Orbital resonance is a common phenomenon - the Galilean moons of Jupiter are in resonant orbits - and I suspect this system is interesting but not unique. In fact a quick search found a different system with 5 resonant orbits: https://en.wikipedia.org/wiki/TOI-178 Orbital resonance is quite common with young solar systems so the interesting thing about HD 110067 is that it has remained in orbital resonance for billions of years. It is childish to think that aliens moved the planets around.

The paper itself[1] only briefly mentions the resonant property. Nobody is directly claiming that the aliens caused the planets to do this because making such a claim with zero evidence is ridiculous. But they certainly understand what they're doing with the clickbait title :(

[1] https://www.space.com/alien-technosignatures-exoplanet-mathe...



Upvoted ya cuz you’re correct. However, I’d add that while nature can absolutely create straight lines, it is often advisable to investigate for prior human activity if you stumble upon a straight line in a cave or under the ocean.
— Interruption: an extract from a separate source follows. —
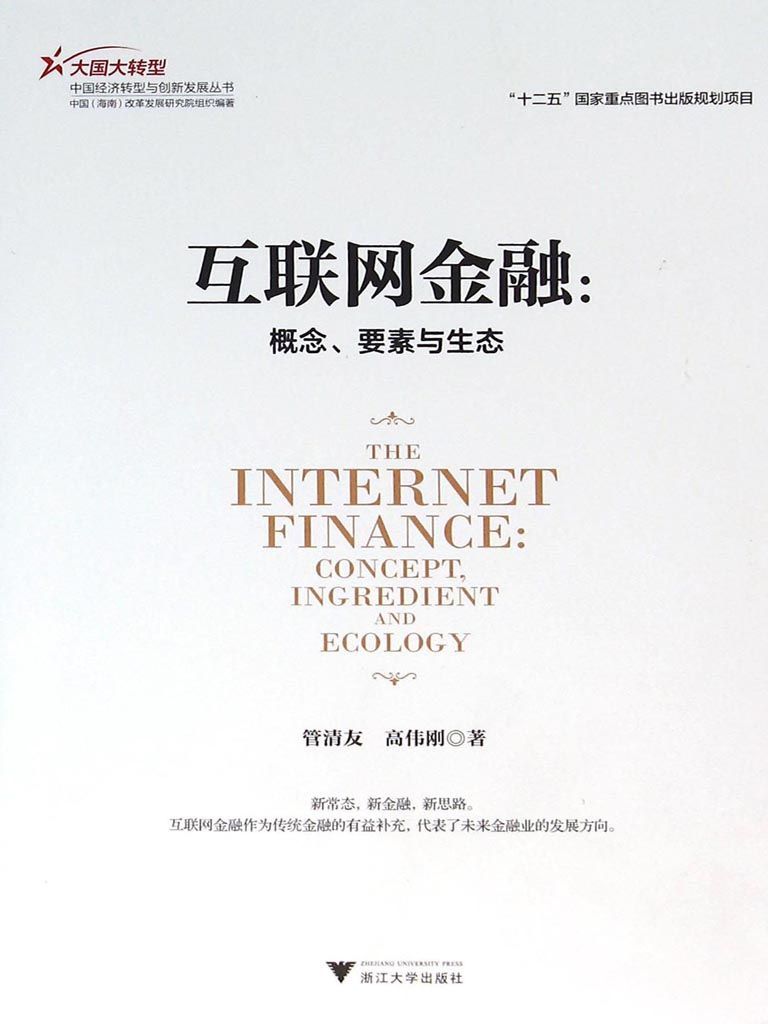 互联网金融：概念、要素与生态 (大国大转型中国经济转型与创新发展丛书)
My point is that the phrase "mathematically perfect" is very misleading because it makes us think of straight lines and perfect circles but this simply is not the same kind of mathematical "perfection." I suspect this is more like an unusually high-quality gemstone than it is an perfectly round rock - very rare but not particularly mysterious. In particular this is an example of the six-body problem and orbital resonance might be a steady state if all the planets have similar mass.


The gemstone comparison is quite apt. Hadn’t thought of it that way. Of course, humans will place meaning in anything/everything if they don’t train themselves not to do so. I’d love someone to do a blog where all it is is tearing apart junk articles. That’d be a fun Sunday morning read.